Exercise instructions → Leaving out all pictures, write out word for word the lines from the one containing "Liga Felgueiras Vence" to the end of the data below.

Material for this task →
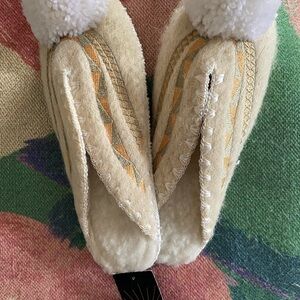 Handmade in Greece sheep wool and leather slippers sz M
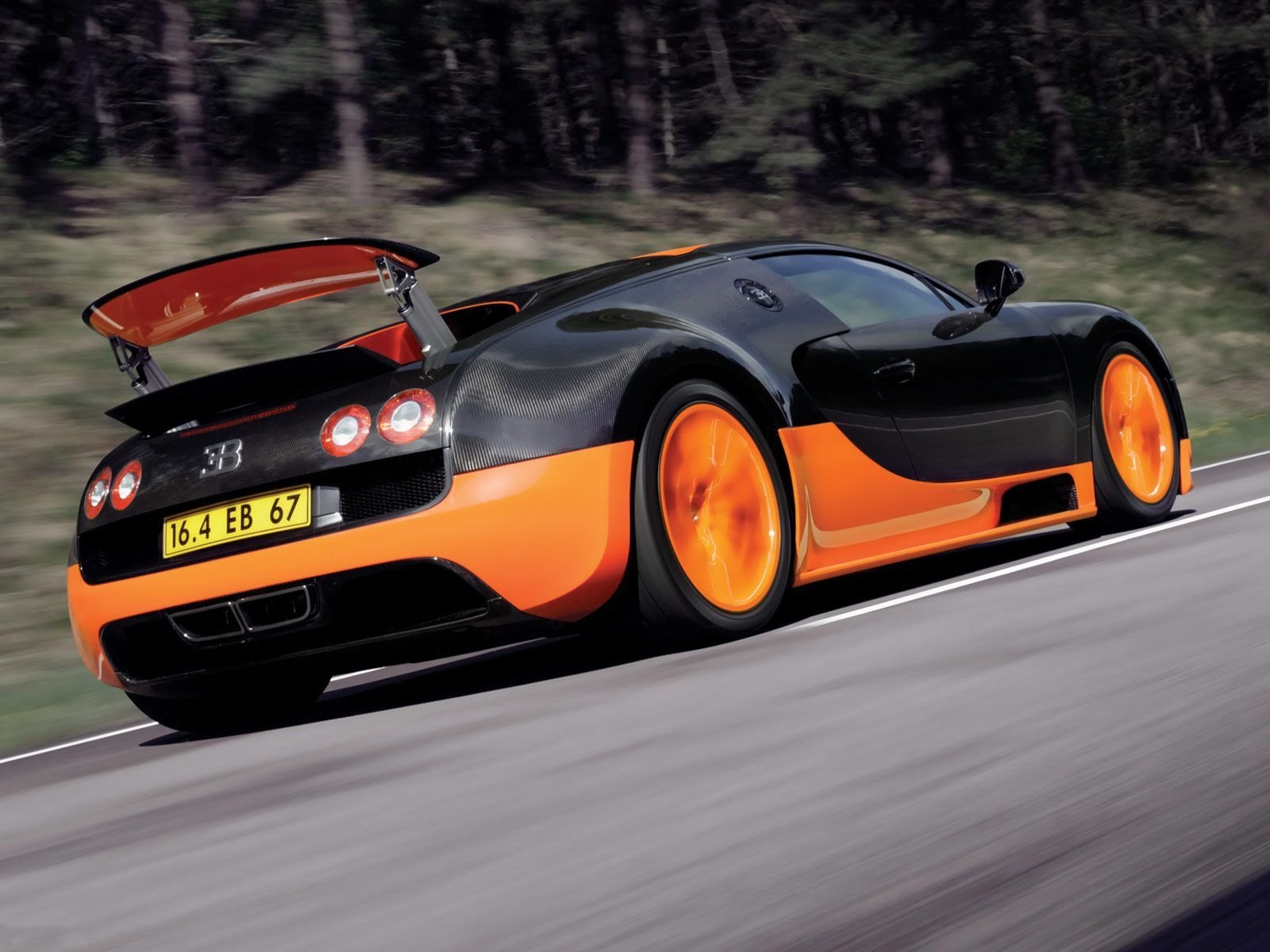 Free download Bugatti Veyron background ID:298052 hd 1600x1200 for desktop
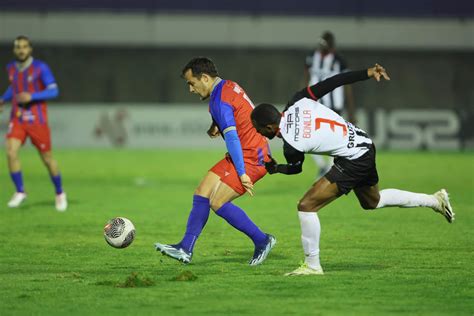 Liga Felgueiras Vence E Aproxima Se Dos Lugares De Subida Expresso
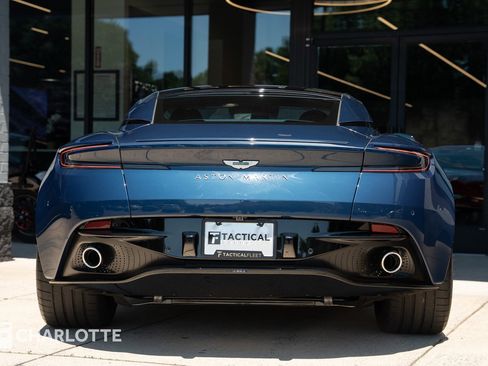 Used 2025 Aston Martin DB12 Coupe RWD image 15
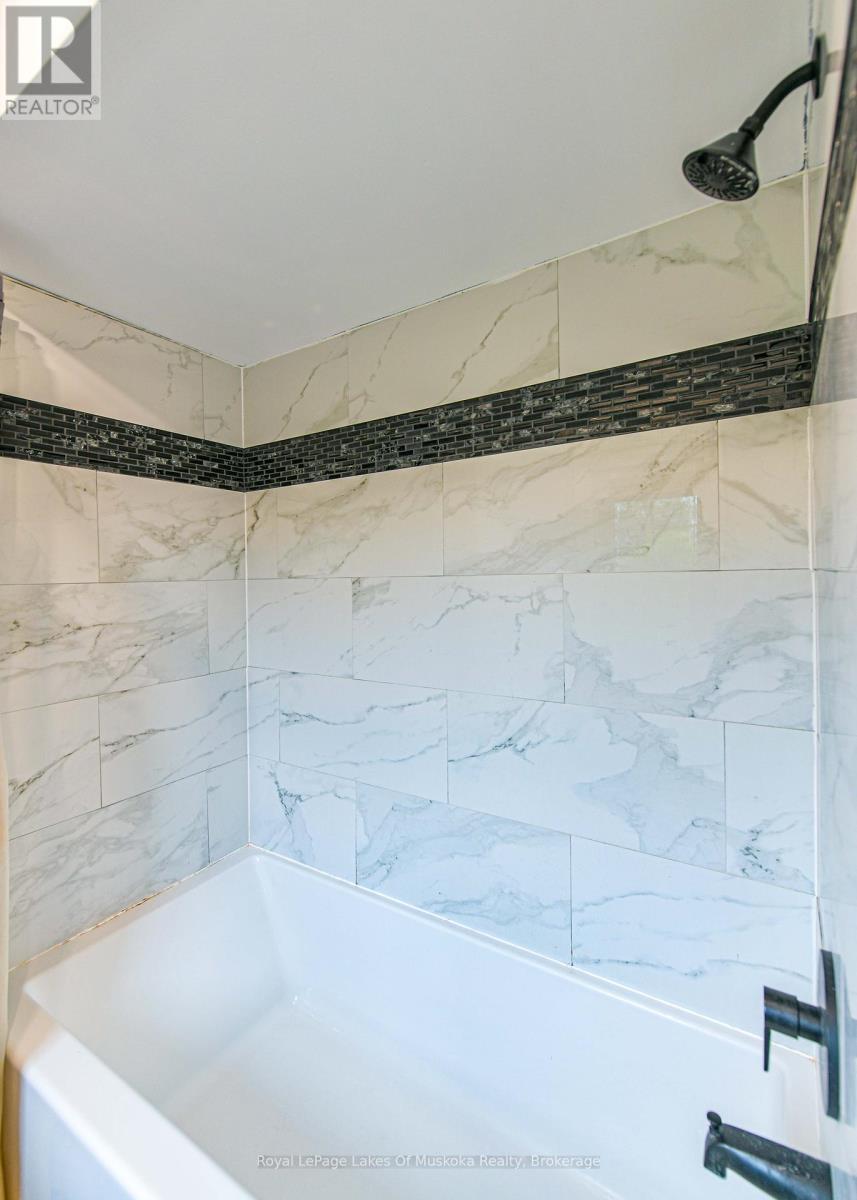 Photo 35 of 41 Penton Drive, Barrie ON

Result →
 Liga Felgueiras Vence E Aproxima Se Dos Lugares De Subida Expresso
 Used 2025 Aston Martin DB12 Coupe RWD image 15
 Photo 35 of 41 Penton Drive, Barrie ON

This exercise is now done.